Wednesday, June 12, 2013

Cardinal Francis George, Curious George, and Secretary of HHS Kathrine Sebilius

Cardinal George (left) and Curious George...they both wear colorful hats.






















But that's not what I want to talk about. The Secretary of Health and Human Services, Kathleen Sebilius is a self-proclaimed Catholic She is staunchly pro-abortion (one. of her biggest donors was abortionist doctor George Tiller, who performed over 60,000 of them). She has recently decided that it wasn't worth keeping abortion pills out of the hands of young girls. Archbishop Burke AND Archbishop Fred Naumann have warned her NOT to approach the Altar for Communion.

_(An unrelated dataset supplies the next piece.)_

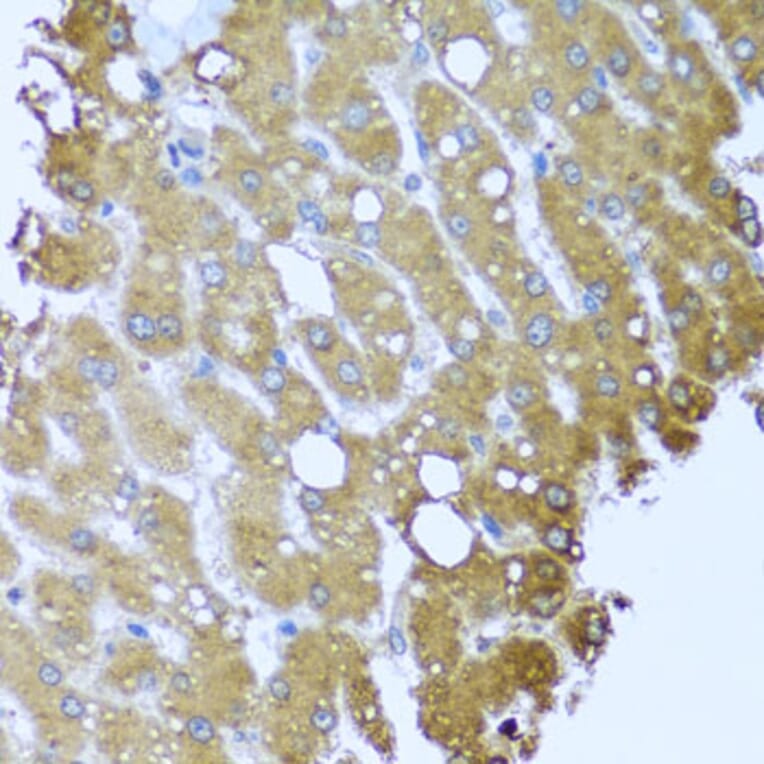 Immunohistochemistry - Anti-Striatin Antibody (A15861) - Antibodies.com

Cardinal George was writing about gay marriage, but what he said can be applied to Kathleen (and our Dick Durbin):

“Catholic politicians are complicit in secularizing our society when they reduce their religious beliefs to private opinions and promise that their religious faith will not influence their public life. This false dichotomy began when John Kennedy, fighting anti-Catholic prejudice in his campaign to be elected president, told Protestant ministers in Houston not to worry about his acting like a Catholic. Political figures who still claim to be Catholic but who systematically ignore Catholic moral and social teaching in public life cut themselves off from the communities that once nurtured them. How should faithful Catholics distinguish political pragmatism from betrayal?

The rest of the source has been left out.